[PATCH] arm64: prefetch: Change assembly to be compatible with gcc and clang

Will Deacon will.deacon at arm.com
Mon Apr 24 09:34:47 EDT 2017


On Thu, Apr 20, 2017 at 09:42:07AM +0100, Mark Rutland wrote:
> On Wed, Apr 19, 2017 at 02:22:11PM -0700, Matthias Kaehlcke wrote:
> > clang fails to build with the current code:
> > 
> > arch/arm64/include/asm/processor.h:172:15: error: invalid operand in
> > inline asm: 'prfm pldl1keep, ${0:a}'
> > 
> > Apparently clang does not support the 'a' modifier. Change the
> > constraint from 'p' ('An operand that is a valid memory address is
> > allowed') to 'Q' ('A memory address which uses a single base register
> > with no offset'), which works for both gcc and clang.
> 
> It looks like the current %a0 template and p constraint were inherited
> from arch/arm, as they've been there from day one on arm64.
> 
> Looking at the arch/arm history, the "a" operand modifier and "p"
> constraint were introduced in commit:
> 
>   16f719de62809e22 ("[ARM] 5196/1: fix inline asm constraints for preload")
> 
> ... so as to avoid GCC assuming prefetch of a pointer implied it was not
> NULL. Until that point, we'd used no operand modifier and "o"
> constraint.
> 
> It's not clear to me whether "o", "p", and "Q" constraints differ in
> this regard on AArch64, or if the issue regarding NULL is still
> relevant. The GCC docs say the "p" constraint is used for "a valid
> memory address", which does sound like it shouldn't be NULL.
> 
> Otherwise, this does look consistent with what we do elsewhere.

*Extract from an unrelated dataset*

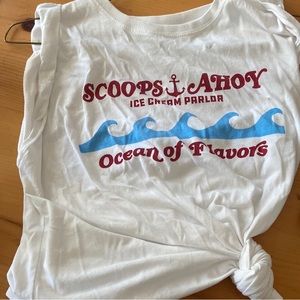 Hot Topic Stranger Things scoops ahoy women’s medium muscle top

I really don't like using 'Q' here, for two reasons:

1. It means we likely allocate a register where we don't need to, because
   we're going to need to use [Xn] as the addressing mode, which means
   adding any immediate offsets.

2. As you mention, 16f719de62809e22 says that GCC will use this as an
   indication that the address is non-NULL.

We also can't just remove the 'a', because that will result in assembly
failures. I haven't dug into exactly why, but I suspect it's because "p"
can generate a label, which then won't assemble if surrounded by '[]'.